Pronto! Para mim, ser psicanalista era alcançar o ápice da capacidade de nomear tudo e assim aplacar a dor da própria amputação imposta pelos limites da linguagem: entrei na formação porque (talvez sem muita clareza) imaginava que os psicanalistas eram uma classe privilegiada que não andava com os pés inchados, às cegas pelo mundo, trombando em tudo. (Sempre achei engraçado o nome do prédio comercial onde fica a sede da minha sociedade: “Olimpic Tower”, soava profético!)
E quando você descobre que está enganado, já percorreu tanto chão, que em geral continua caminhando, desiludido. Mas também há aqueles que nunca se dão conta da armadilha e se mantêm achando que estão acima da humanidade, esses podem ser perigosos.
Você vai me perguntar: então vale a pena? E eu poderia citar Fernando Pessoa – “tudo vale a pena se a alma não é pequena”, mas aí eu não saberia te contar qual é a diferença entre uma alma que é pequena e outra que é grande sem entrar em moralismos que me apequenassem.
Só posso falar em meu nome mesmo: fazer parte da classe dos desiludidos me parece bom o suficiente e libertador, porque assim não me sinto em dívida com analistas, escolas, autores, mestres ou instituições e porque daí a saída que resta é desidealizar e se desenvolver. No meu caso, isso pode ser traduzido na construção de uma forma de usar a língua que me caiba – onde eu consiga me ajeitar de maneira mais ou menos satisfatória, e que sirva bem e me dê alguma alegria e me permita amar o outro na sua vulnerabilidade. (Veja quanta pretensão disfarçada)

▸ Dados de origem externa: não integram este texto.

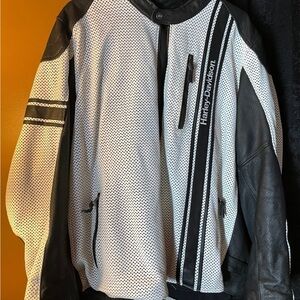 Harley-Davidson Men Hideaway Perforated Leather Jacket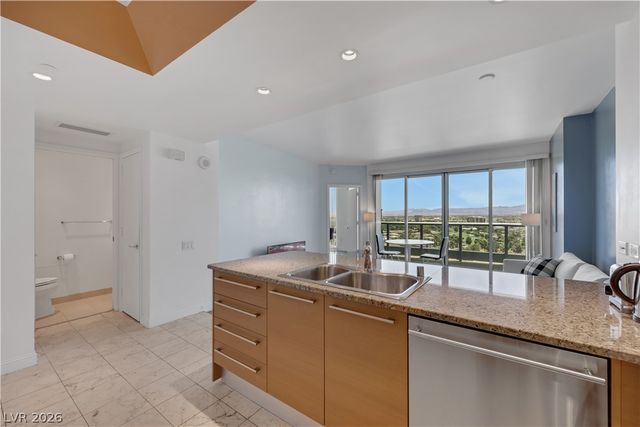 322 Karen Avenue 1604, Las Vegas, NV 89109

Portanto, a minha ideia sobre formação é essa: você estuda muito, faz muita análise, gasta tempo, dinheiro, aprende, esquece, passa raiva, ama sobretudo, vive nascimentos e mortes, chora, cria filhos. É a vida, e na melhor das hipóteses você adquire não o fogo, mas a habilidade de produzir faíscas ao ouvir, escrever, falar, pensar e utilizar todo o seu metabolismo para transformar suas experiências em algo seu e que talvez aqueça o outro um pouco, até que ele produza suas próprias faíscas. E tem beleza aí.
Tive a ideia de te escrever inspirada nas correspondências de Freud, será que ele teria sido tão produtivo se não tivesse tantos interlocutores e não tivesse escrito e recebido as famosas cartas? Escreva para mim, quero saber o que você pensa sobre a formação e quem sabe possamos tecer uma vasta correspondência que nos enriqueça.
Abraços fraternos
(Os textos publicados são de responsabilidade de seus autores)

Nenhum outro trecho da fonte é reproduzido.